**Action item:** Transcribe the listing exactly; drop the images.

**Given records:**
○ ○ ○

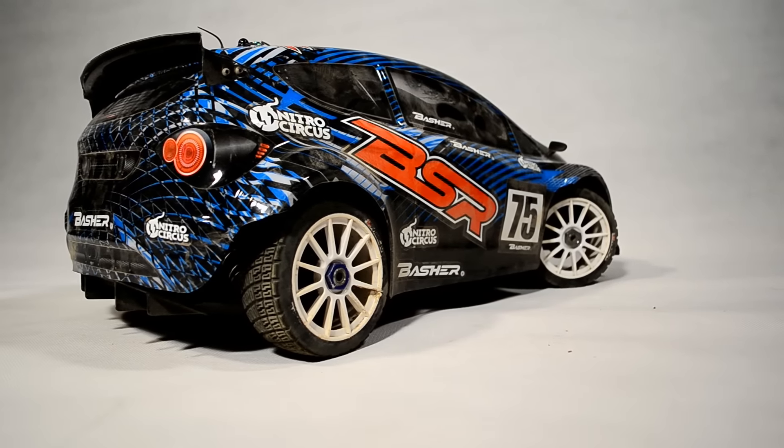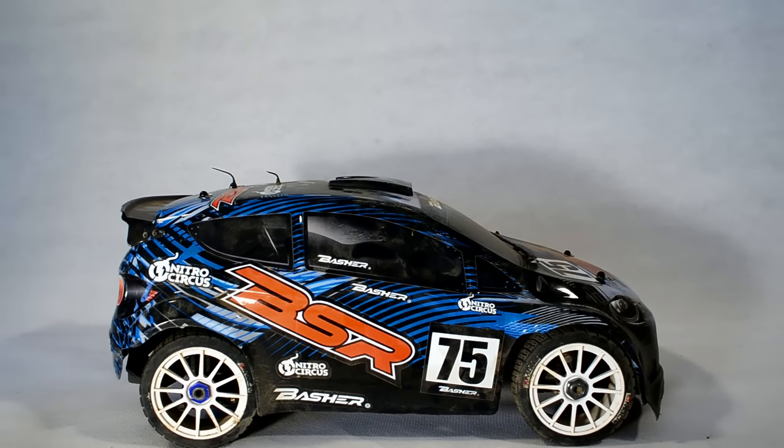Die Fernbedienung musste ich gegen eine etwas bessere wechseln, weil die mitgelieferte war nicht wirklich toll.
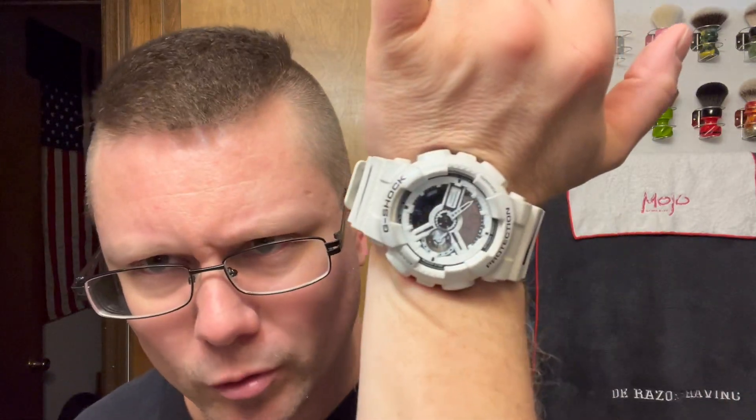Good afternoon, ladies and gentlemen — Chris here from DE Razor Shaving with a new shave video. I didn't do a video Friday or Saturday, so today is Monday, the 4th, it is Memorial Day. Today is actually also the day my dad, my pops, passed away four years ago on Memorial Day. I'm rocking my dad's shirt — I bought it for him a long time ago, it's a Marine shirt.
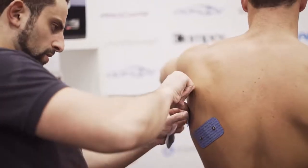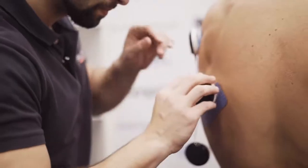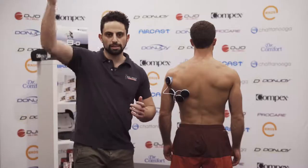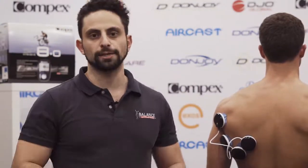A really common dysfunction is the inability to use the latissimus dorsi muscle properly when you're raising the arm above head. The lat has to lengthen and contract at the same time so it can control the shoulder blade.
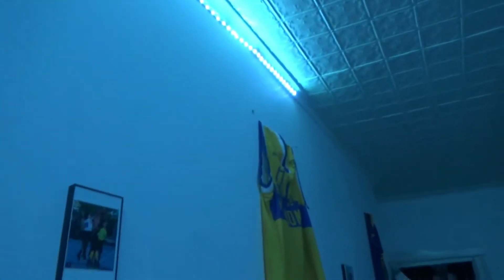I got my LED lights wrapping around my room — it ends right there. I'm thinking next time I get LED lights, I'm going to wrap them around my whole entire top and just have them go all the way around.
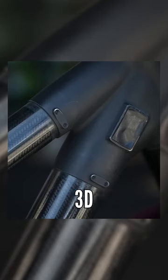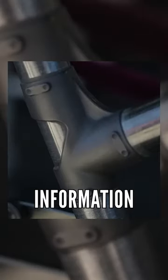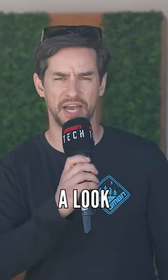Obviously it's carbon tubes and sort of 3D printed lugs, it's mixed wheel size. I still cannot get any information out of the guys here at Specialized — no one wants to tell me anything about it — but it's a very cool thing to have a look at.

○ ○ ○

**Written solution:**
Die Fernbedienung musste ich gegen eine etwas bessere wechseln, weil die mitgelieferte war nicht wirklich toll.
Good afternoon, ladies and gentlemen — Chris here from DE Razor Shaving with a new shave video. I didn't do a video Friday or Saturday, so today is Monday, the 4th, it is Memorial Day. Today is actually also the day my dad, my pops, passed away four years ago on Memorial Day. I'm rocking my dad's shirt — I bought it for him a long time ago, it's a Marine shirt.
A really common dysfunction is the inability to use the latissimus dorsi muscle properly when you're raising the arm above head. The lat has to lengthen and contract at the same time so it can control the shoulder blade.
I got my LED lights wrapping around my room — it ends right there. I'm thinking next time I get LED lights, I'm going to wrap them around my whole entire top and just have them go all the way around.
Obviously it's carbon tubes and sort of 3D printed lugs, it's mixed wheel size. I still cannot get any information out of the guys here at Specialized — no one wants to tell me anything about it — but it's a very cool thing to have a look at.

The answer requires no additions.